Vadim Nemkov vs. Corey Anderson: ‘Overtime’ to regain his confidence

Place: SAP Center, California Date: friday april 15
Cover: Watch live coverage on BBC Three and BBC iPlayer from 23:00 GMT; reaction on the BBC Sport website and app.

Inside Corey Anderson’s office is an exercise bike, a spotlight, a fitting center, flags from sponsors of his greatest fights, and the head of the first deer he killed with a bow.

The Bellator light-heavyweight title challenger has had a long fighting career – and an even longer hunt.

While hunting in the UK is much more restricted with very polarizing attitudes towards it, it is a big part of the culture for many in the US.

The harshness with which Anderson speaks will come as a shock to many in the UK, but it is indicative of the differences between the two countries.

Anderson, who made his professional MMA debut in 2013 after wrestling in high school and college, can’t remember the first time he went hunting.

But he told BBC Sport: “It’s something I grew up with, bringing food, supplying and cooking your own harvest.

“Ever since I can remember I had a gun in my hand, I was rabbit hunting with my dad. When I was 12 or 13 he gave me my first bow and my first arrows and I started target shooting. I went hunting with my bow for the first hour at 16.”

It would take another six years for Anderson to shoot his first deer with a bow – a real lesson in patience. “It was an adrenaline rush,” he says of the feeling, which he likens to a fight.

“For me, they go together. It’s the same when it comes to the mental aspect and the sharpness.

“When I shoot my bow, it’s sort of a martial art. You can only shoot a certain distance from a deer, you have to be tactical.

“Everything has to be lined up perfectly to get that perfect shot. The same with fighting. I have to make sure I move to get everything lined up.

“I can’t just throw punches, I have to be in the right position. I have to be in the right place to throw the punch.”

Endless attitude served Anderson well in the cage.
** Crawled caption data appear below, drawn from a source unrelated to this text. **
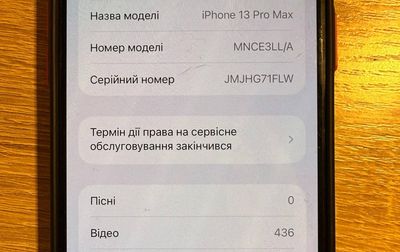 iPhone 13 Pro Max за 14 000 грн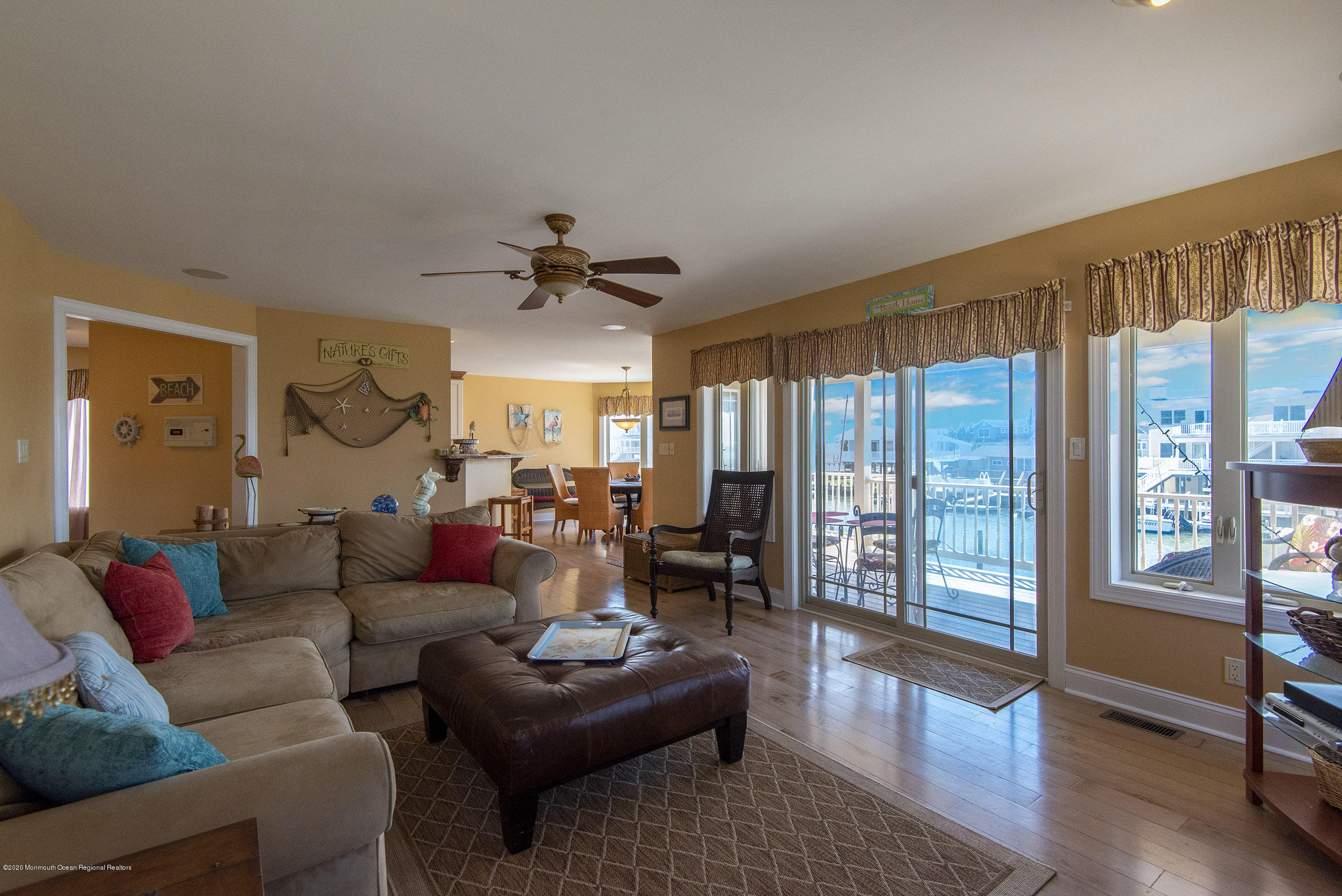 214 Heron Road Tuckerton, NJ 08087 - Photo 6 of 31 a living room with furniture and a large window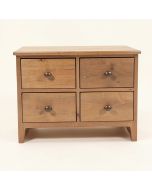 Kaiser Drum 4 Drawer End Table (synthetic illustration; no displayed measurements)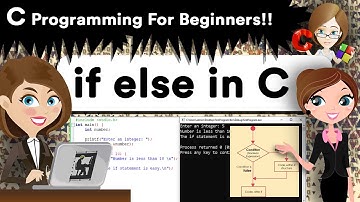 Tutorial 05 | If else, if else ladder, nested if else in C programming | C programming for beginners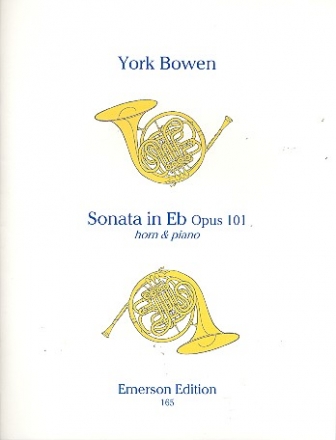 Sonata in Eb Major op.101 for horn and piano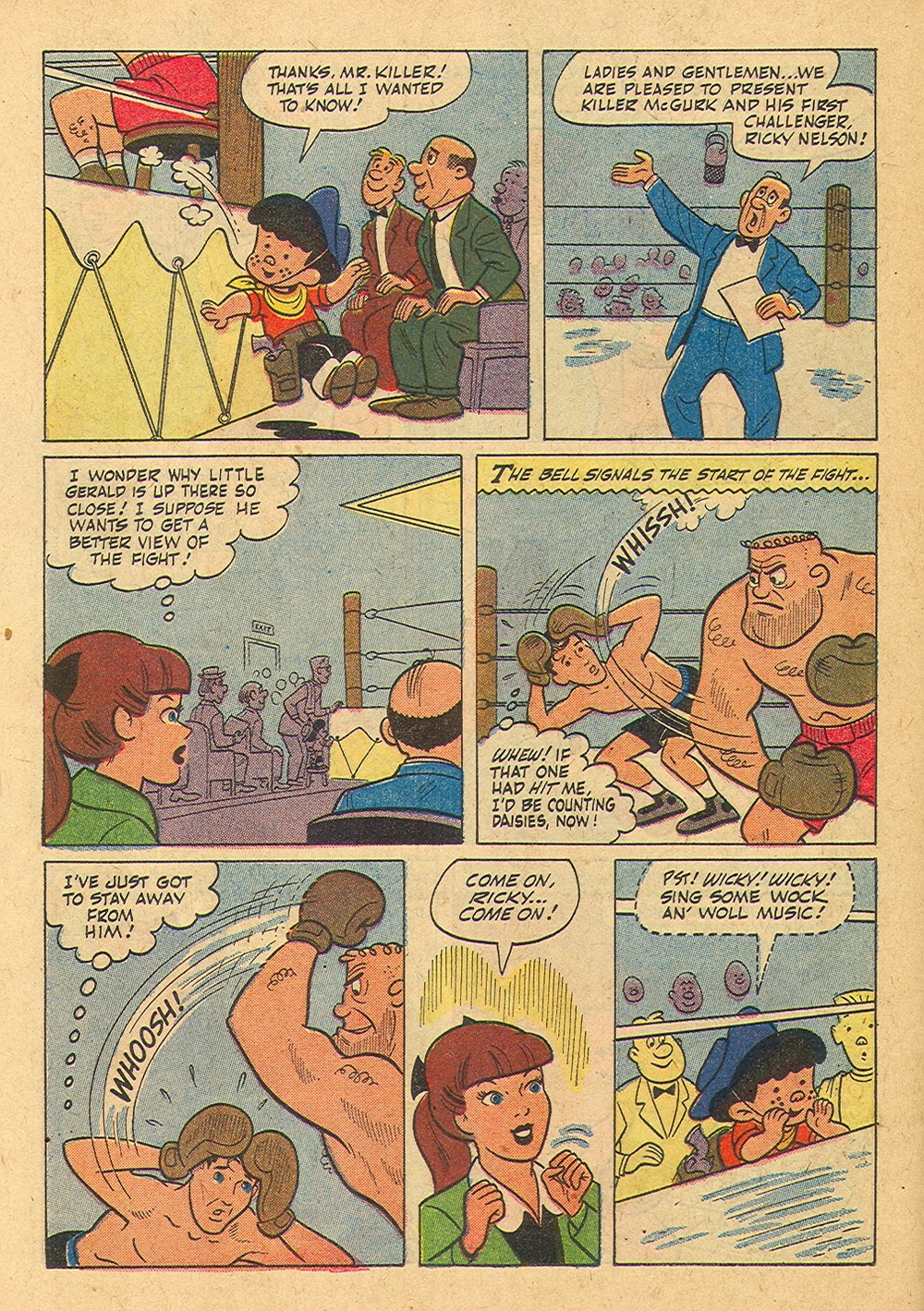 Read online Four Color Comics comic -  Issue #956 - 18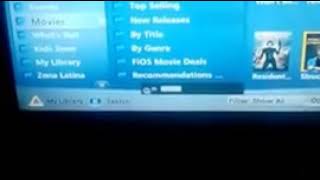 Fios on demand music choice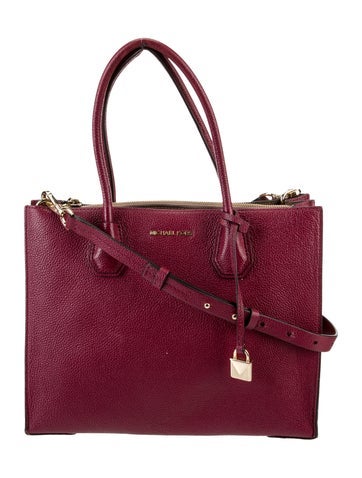 Michael Kors Totes Leather Messenger Bag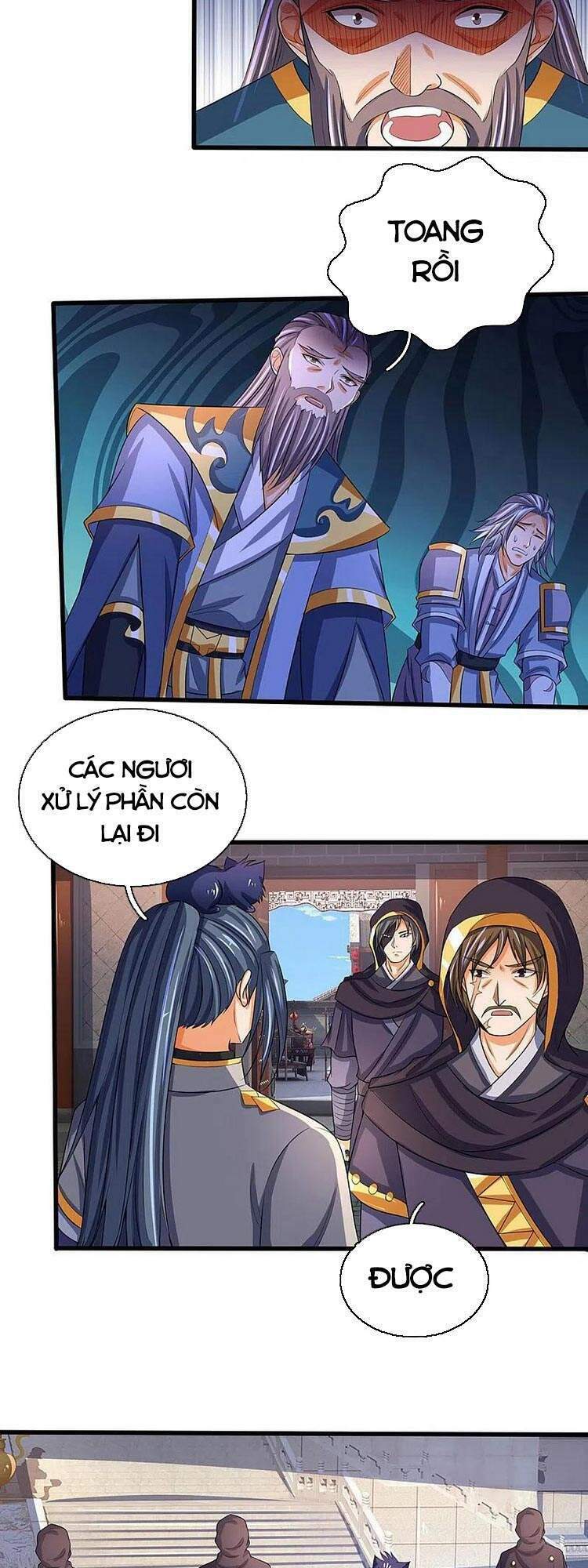 Thần Võ Thiên Tôn Chapter 358 - Trang 2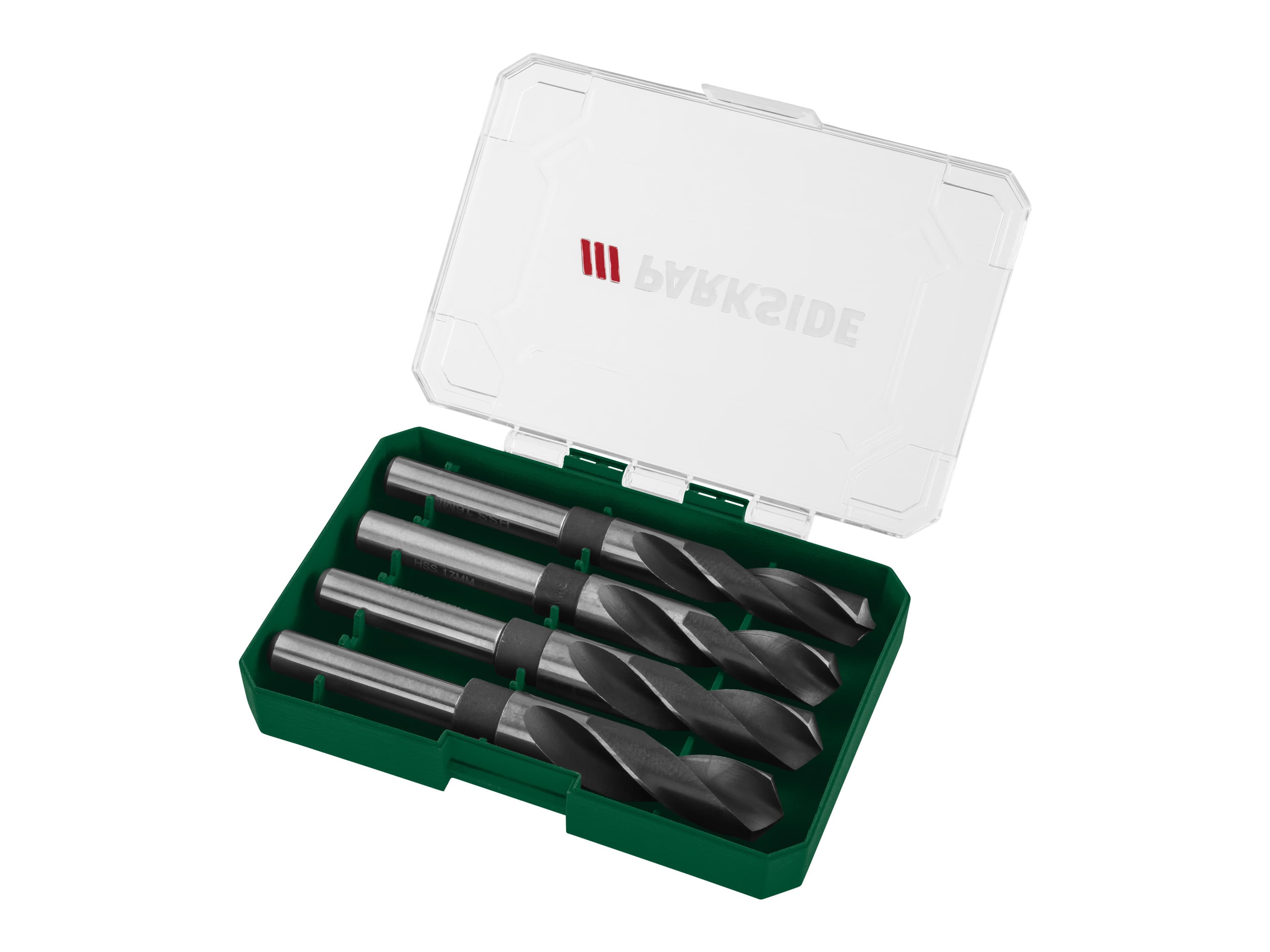 PARKSIDE® Súprava HSS špirálových vrtákov PASP 4 A1 (4-dielna) 1
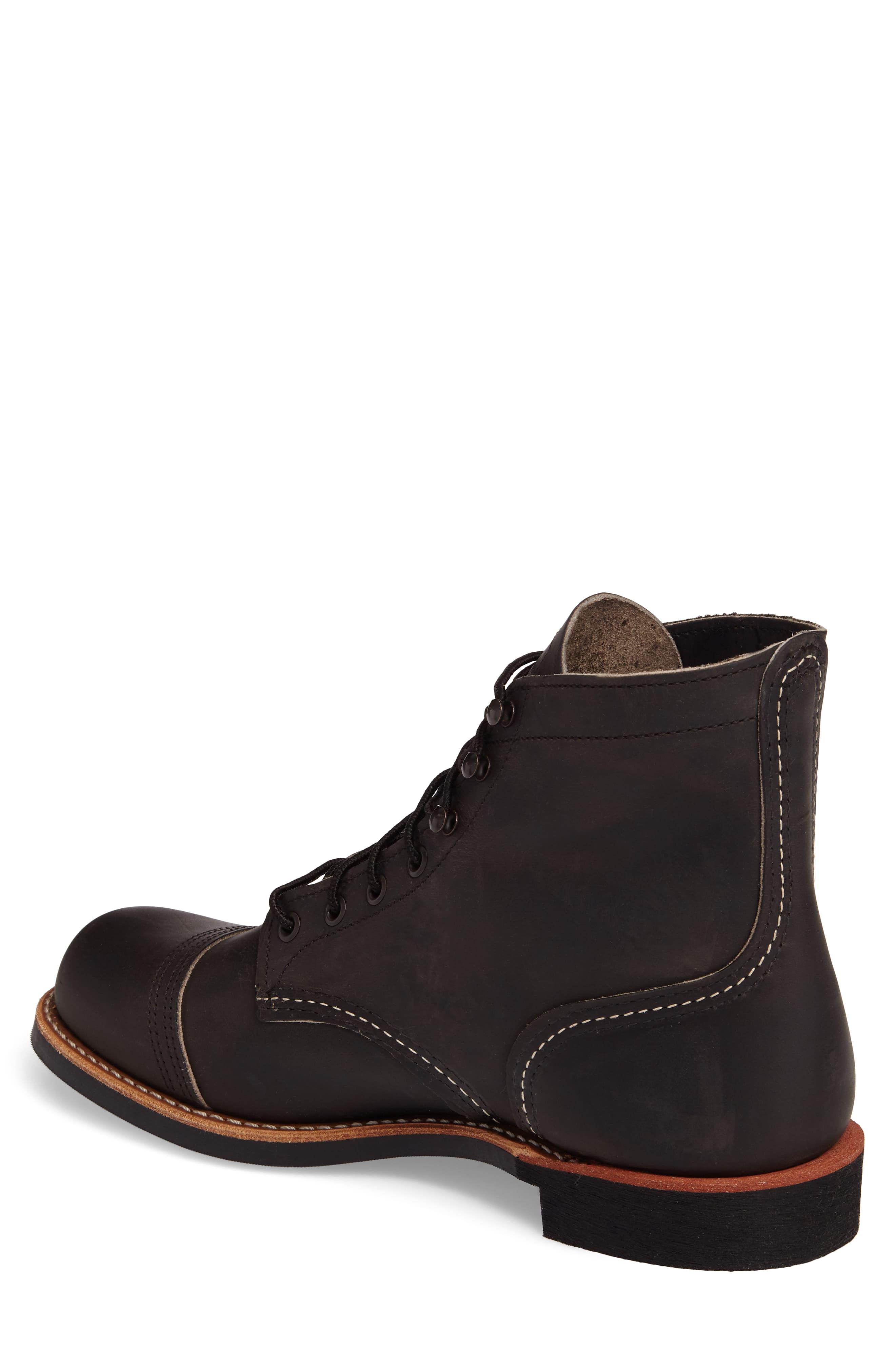 red wing iron ranger charcoal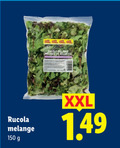 klik op dit plaatje voor een vergroting en voor vergelijkbare aanbiedingen gerelateerd aan ` rucola 150 cola melange xxl ` rucola 150 cola melange xxl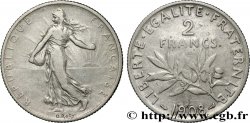 2 francs Semeuse 1908 Paris F.266/10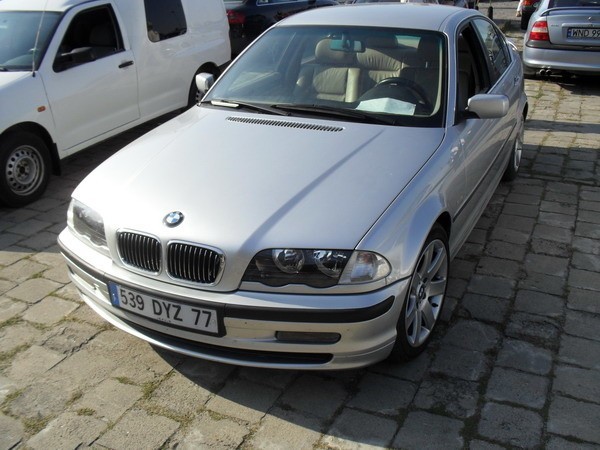 BMW 330 D, 2001 r., ABS, ASR, ESP, skórzana tapicerka,...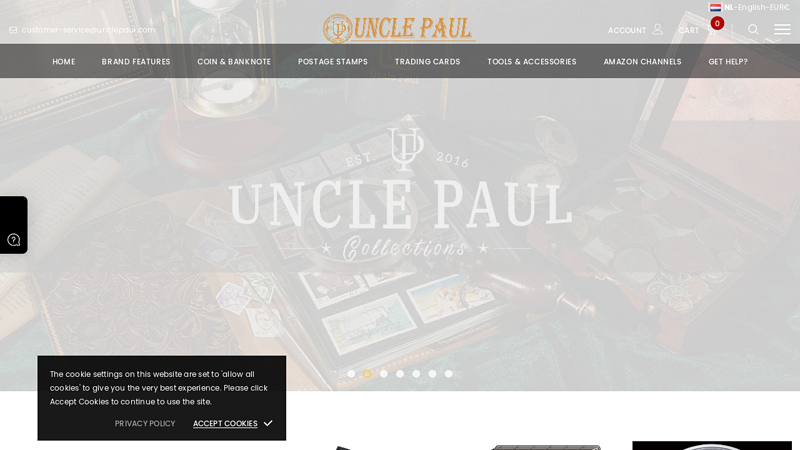 Uncle Paul Official Online Mall C UnclePaul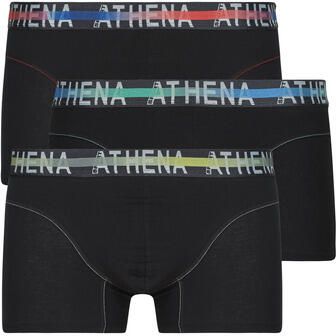 Athena Boxers ENDURANCE 24H Pack de 3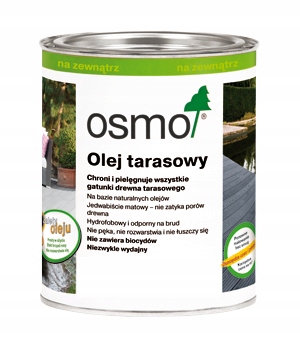 

Olej Tarasowy Osmo 010 Termodrewno 0,75L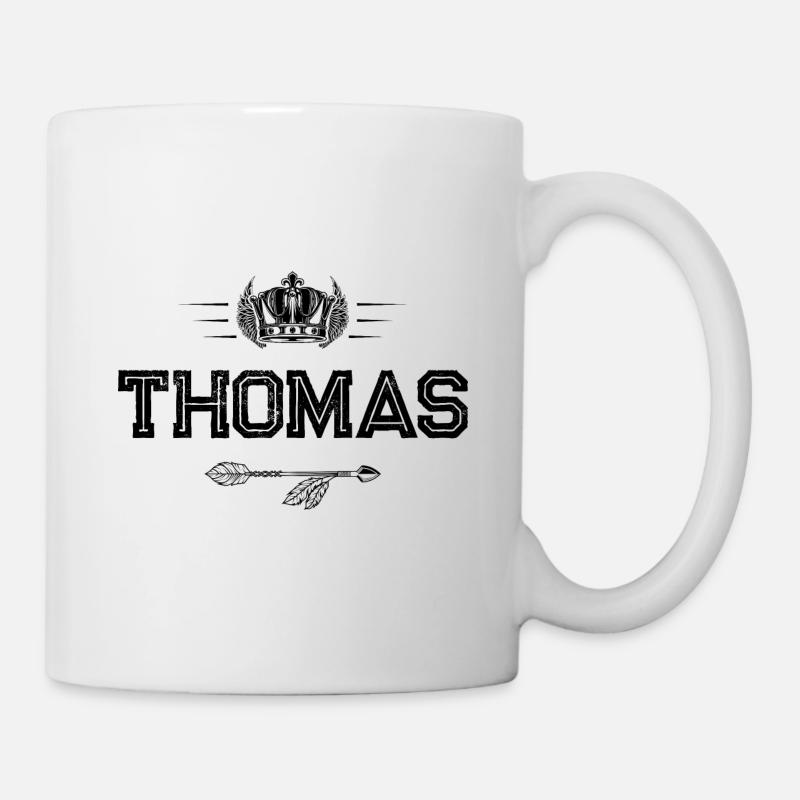 Thomas - Tasse - Weiß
He suffered big losses to Jan Blachowicz, Ovince Saint Preux and Briton Jimi Manuwa while in the UFC.

Five losses in total, four by knockout, left Anderson stranded in his career at times, and he left the UFC disappointed with the lack of confidence the promotion seemed to have in him.

Now in Bellator, he is on the cusp of the most important fight of his life.

“If I stop, there is something that is not done”

Vadim Nemkov beat Ryan Bader to win the title and has defended it twice since

Anderson, 32, takes on the light heavyweight champion Vadim Nemkov in the final of the 205lb tournament at Bellator 277. In addition to the title up for grabs, there’s a $1 million prize for the winner.

The fights may come first, but Anderson is an avid hunter, gets paid to do it, and does all the editing for his YouTube channel that documents his exploits. He also has a young family to take care of and a wife to take care of.

“That’s why they call me ‘Overtime’,” he says. “I don’t stop, I can’t stop – I don’t have time. If I stop, there’s something not getting done.

“My wife always tells me I have to rest. I can’t sit still, I have so much to do. I get paid for everything I do. I have to earn money. It’s hard of balance but I do it, I have to do it.”

The DC Seal of Approval

Anderson is full of confidence these days. According to the Illinois native, he is the best light heavyweight fighter in the world. There’s not the slightest doubt in his mind that he can’t beat 29-year-old Russian Nemkov, who has two defeats to his name.

But Anderson hasn’t always expressed his self-confidence so well. It took training with UFC legend and two-weight champion Daniel Cormier to inspire him.

“DC was the champion back then – one of the greatest of all time,” Anderson recalled. “He said to me, ‘There’s no reason you shouldn’t be the 205-pound champion. The only person in front of you is you. You make mistakes, you’re too good to be knocked out and caught with silly stuff.”

“Since then, I’ve been bathed in that confidence. The champion told me that. I can’t just say it, I have to believe it.

“I can be the best, but I have to make sure I get to the goal. Then I can say I did everything I said I would do, I did it, I did it. won the belt.”